In electrostatics, the surface of a conductor $S$ is always at a constant potential $\phi _{0}$, where the aforementioned potential is a scalar function $\phi (x,y,z)$ defined as :
$$\phi (\textbf{x}) =\int _{S} \frac{ \sigma(\textbf{x}')}{\vert\lvert {\textbf{x}-\textbf{x}'\lvert\lvert }} da'$$
where $\sigma(\textbf{x})$ is the surface charge density on $S$. As mentioned earlier, the surface of a conductor is equipotential, so if we choose an $\textbf{x}_{0} \in S$, we will have:
$$\phi (\textbf{x}_{0})=\phi_{0} =\int _{S} \frac{ \sigma(\textbf{x}')}{\vert\lvert {\textbf{x}_{0}-\textbf{x}'\lvert\lvert }} da'=\int _{S}g(\textbf{x}')\sigma (\textbf{x}')da'$$
Is it possible to use the mean value theorem to rewrite the above surface integral as :
$$\phi_{0} = g(\textbf{x}_{1})\int _{S}\sigma(\textbf{x}')da'$$
where $\textbf{x}_{1}$ is a constant?
I assume that $\sigma > 0$ and that the surface $S$ is compact.

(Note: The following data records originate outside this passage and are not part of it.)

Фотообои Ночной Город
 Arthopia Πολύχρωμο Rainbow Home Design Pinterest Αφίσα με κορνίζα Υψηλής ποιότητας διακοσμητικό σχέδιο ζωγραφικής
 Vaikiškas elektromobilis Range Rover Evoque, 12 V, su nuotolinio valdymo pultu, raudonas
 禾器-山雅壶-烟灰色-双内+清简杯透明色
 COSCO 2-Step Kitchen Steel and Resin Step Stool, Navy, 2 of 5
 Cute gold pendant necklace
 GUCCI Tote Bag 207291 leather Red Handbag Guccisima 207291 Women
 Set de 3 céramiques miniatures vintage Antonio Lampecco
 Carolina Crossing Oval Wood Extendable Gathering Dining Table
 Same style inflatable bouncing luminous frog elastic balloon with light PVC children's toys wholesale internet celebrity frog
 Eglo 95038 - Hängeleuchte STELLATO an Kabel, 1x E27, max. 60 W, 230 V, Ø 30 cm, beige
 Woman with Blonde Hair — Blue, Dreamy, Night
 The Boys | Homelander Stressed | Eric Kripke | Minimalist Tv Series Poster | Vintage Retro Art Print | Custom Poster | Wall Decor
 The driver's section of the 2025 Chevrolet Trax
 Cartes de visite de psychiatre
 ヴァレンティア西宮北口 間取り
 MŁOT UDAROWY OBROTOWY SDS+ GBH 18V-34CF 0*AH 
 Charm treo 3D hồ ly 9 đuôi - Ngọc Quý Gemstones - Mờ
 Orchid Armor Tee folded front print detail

Then the function $g(y) = \frac 1{\|x_0-y\|}$ is continuous outside of any small neighborhood of $x_0$ and thus has and attains a minimum $c>0$ there. Since $g(y)$ is extremely large in small neighborhoods of $x_0$ we conclude that the image of $g$ on $S\setminus\{x_0\}$ equals $[c,\infty)$. In particular, $g(y)\ge c$ for all $y\in S$. This implies $g(y)\sigma(y)\ge c\sigma(y)$ for all $y\in S$ and thus $\int_S g(y)\sigma(y)\,da'\ge cI$, where $I := \int_S\sigma(y)\,da'$. Thus, $\frac 1I\int_S g(y)\sigma(y)\,da'\ge c$ and $g$ attains this value, i.e., there exists $x_1\in S$ such that $g(x_1) = \frac 1I\int_S g(y)\sigma(y)\,da'$, which was the claim.